CRTI was just the beginning of my relationship with ASH. Through this organization, I have connected with Black hematologists all over the nation. Together, we have provided each other with safe spaces during challenging times, like the murder of George Floyd (which took place only 80 miles from my institution) and the pandemic, in which COVID-19 disproportionately killed minorities, magnifying historic disparities in health care.

Though there is still progress to be made, I trust that great strides are on the horizon. In this 20-year span alone, ASH has contributed $15 million to provide more than 400 awards to increase the diversity of physicians and scientists within hematology. However, ASH and the impact of the MRI supersedes the number of physicians and scientists they have recruited: They’ve aided in empowering me and others to shed the burden that comes with being the only one in the room. As I walked the halls of the San Diego Convention Center in December, it wasn’t just that I was not the only one in the room. I was no longer anchored by the fears I’d had just years before.

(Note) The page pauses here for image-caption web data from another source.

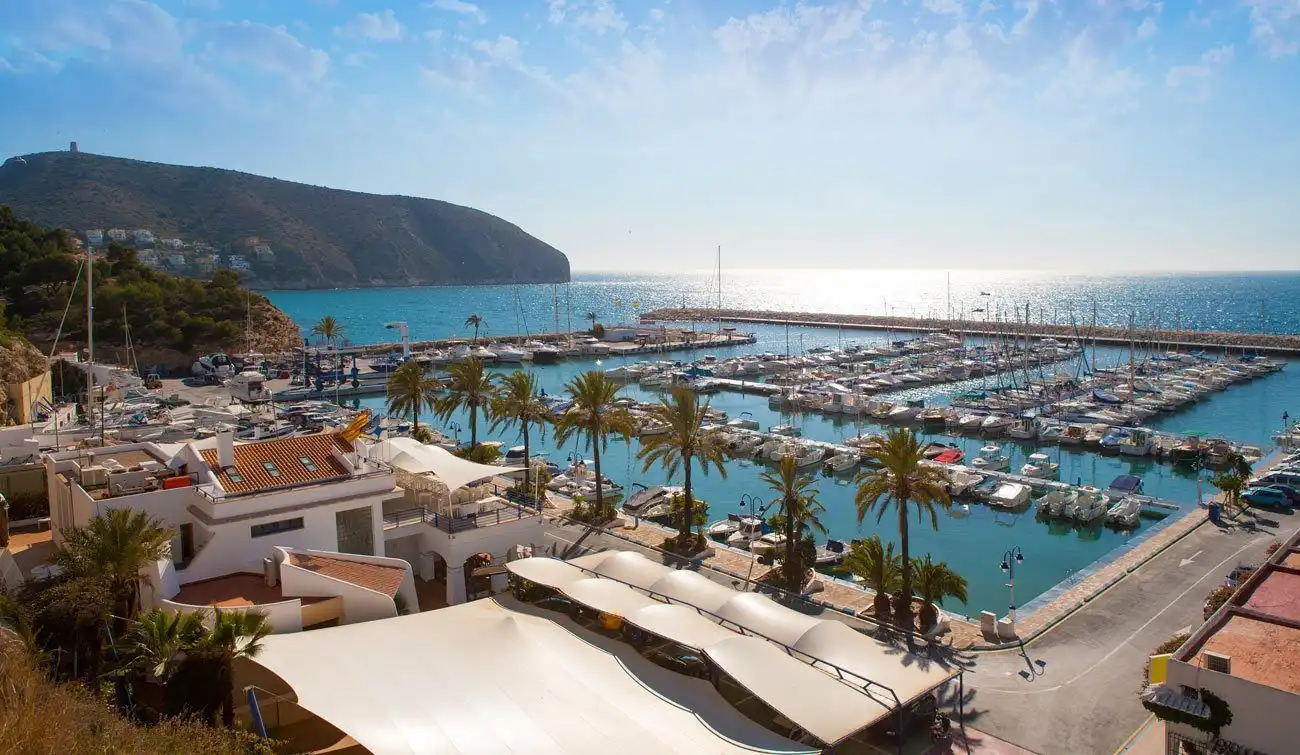Haus mit Pool zum Verkauf in El Portet - Pla de Mar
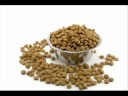 I LOVE DOG FOOD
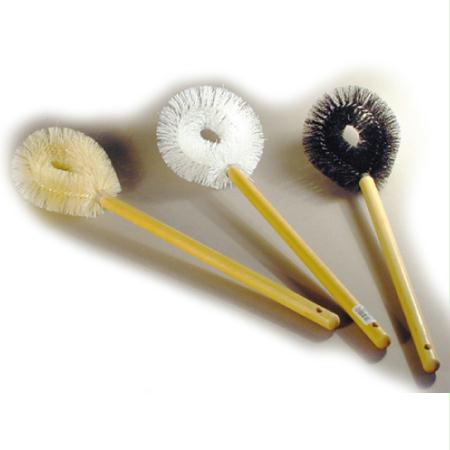Professional Choice Angled Bowl Brushes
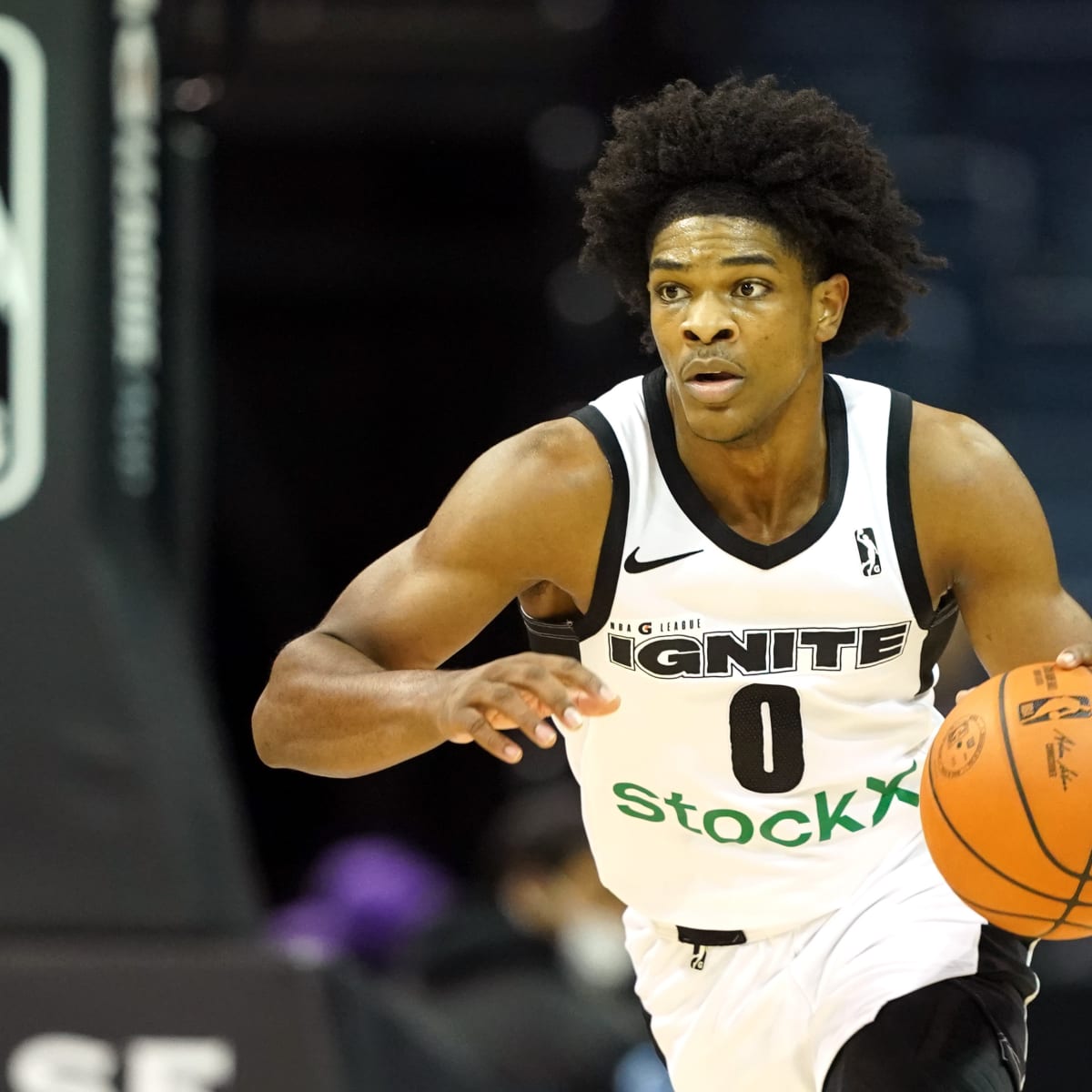 Tankathon Reverse Standings: Sunday's Slate Pivotal for 2023 NBA Draft Odds  - NBA Draft Digest - Latest Draft News and Prospect Rankings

Importantly, hematology is not the only specialty that lacks adequate diversity: It is an issue across the board. The number of Black male physicians in practice has been stagnant over the last several years, and there has been only a miniscule increase in the percentage of Black women in the field over the last 120 years (2.7%).1  The deficit in Black and Hispanic physicians will take 92 years to overcome even with intense improvements in recruitment efforts.2  This lack of growth is a reflection of the numerous systemically racist processes that act as barriers to success in becoming a physician or scientist in the United States.

Yet, it is programs fostered by organizations such as ASH that allow us to progress. Diversity lies not in quotas and tokenism, but rather in support systems, transparency, and community. It’s about uplifting the only voices in the room and empowering them so that there may be many.

Dr. Warsame indicated no relevant conflicts of interest.